Beyond watching eyes
With sweet and tender kisses
Our souls reached out to each other
In breathless wonder

And when I awoke
From a vast and smiling peace
I found you bathed in morning light
Quietly studying
All the messages on my phone
(Banksy, 2006)

Embedded in this piece of street-art are issues of consumerism, surveillance, distrust, and lack of conversation, and thus also, perhaps, a lack of education and perspective.

Relation to Themes of Authority and Social Resistance


Laugh now, but one day we’ll be in charge.

      Banksy, 2006


            In 2008, Banksy traveled to New Orleans to draw attention to “an embarrassingly large and mysteriously under-represented section of the displaced poor” still living in temporary accommodation three years post-Hurrican Katrina (Branscome, 2011). As history has proved, war and conflict allow marginalized individuals, including those of minority groups, displaced people, and demobilized soldiers, to retreat into subsistence (Cramer, 2008). Banksy’s work acknowledges this assumption, and strives to repair, rather than further vandalize, social damage. The messages embedded in his graffiti often revolve around social issues such as employment, economic order, and property rights, often surfaced by the contested neoliberal economy of peacebuilding (as cited in Pugh, 2008, p. 141). As Oliver P. Richmond claims in his chapter “Welfare and the Civil Peace: Poverty with Rights?” rights to life and liberty are often reflected in discourses of conflict resolution and liberal peacebuilding; however, societies, cultures, groups, identities, and welfare are often only rhetorically part of this discourse, even though “the problem of civil peace has come to preoccupy the Western-dominated peacebuilding consensus” (2008). Because his messages are ultimately the yet to be discovered voices of the people, Banksy self-defines his art as one of the most honest forms (2006). Banksy and his followers would undoubtedly agree that the objective of peacebuilding is to create and maintain a vibrant civil society. Because it receives the majority of its support and legitimacy from civil society and local actors, the notion of a civil society is a validation of peacebuilding strategies (Richmond, 2008). Because welfare has been ignored by discourses of conflict resolution and liberal peacebuilding, its potential to be perceived as a way of empowering civil society for purposes of liberal peace is also lacking (Richmond, 2008). By analyzing and studying the art of Banksy, it is clear that he recognizes this, and thus engages with the agents and subjects of liberal peace and neoliberalism.

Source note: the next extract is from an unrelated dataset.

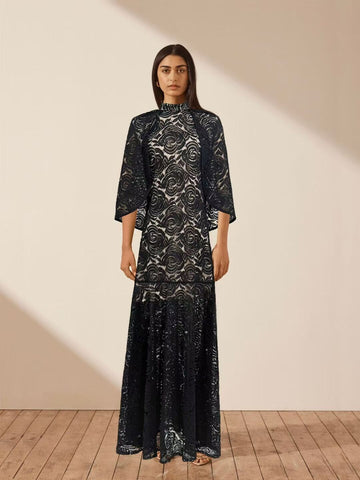 Ladies 2025 Spring Party Collar Shawl Stylish Elegant Yellow Lace Dress Dress Dress Dress Dress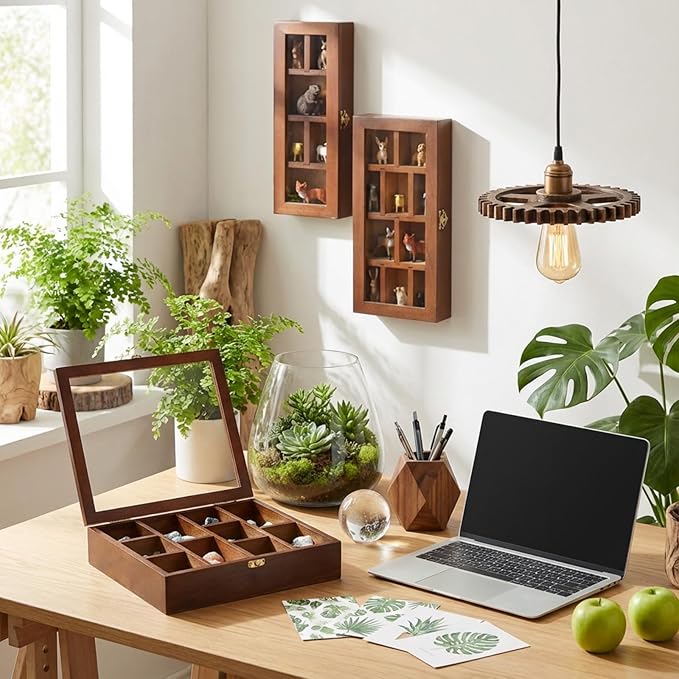 DoubleFill Set of 3 Wooden Trinket Display Shelf Shadow Box with Shelves 10 x 15 Inch Large Wall Mounted Display Storage Mini Figures Curio Trinket Medals Crafts Collections(Brown,Box Shape)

            Banksy’s art also responds to particular historical events and political and social revolutions. A famous series of the face of Cuban revolutionary icon, Che Guevara, progressively fades across a train bridge over Portobello Road in West London. Guevara paraphernalia is sold every Saturday at the market below, together making the statement about “the endless recycling of an icon by endlessly recycling an icon” (Banksy, 2006). On the top of the page on which this series is displayed in his book, Banksy states, “This revolution is for display purposes only” (2006). While my interpretation of the series is subjective, I was told by these images that dressing like a revolutionary does not mean that an individual is a revolutionary; again, Banksy succeeds in encouraging, and perhaps simultaneously educating civil society to recognize that we, the people, can be revolutionaries, ourselves. Another famous piece illustrates a stenciled protestor, holding a bouquet of flowers in his hand, instead of weapons. This particular image symbolizes the Revolution of 1989 in protest against the corrupt regime of President Ceausescu of Romania, and includes details that can also be accurately linked to images of other historical protests, such as that against the Vietnam War at the Pentagon on October 21, 1967, and even the Occupy Movement of 2011 and 2012 (Banksy, 2006). I found myself questioning, however, why humans more easily and sympathetically accept images of protest and resistance when they are of actual footage, and not simply stenciled ink. More recently, Banksy was involved in London’s anti-war demonstration in 2003, and London’s May Day demonstration later that year. Images significant to this event include fighter jets with yellow bows, grim reapers dawning smiles, and signs that read questionable slogans such as, “I don’t believe in anything. I’m just here for the violence” (Banksy, 2006).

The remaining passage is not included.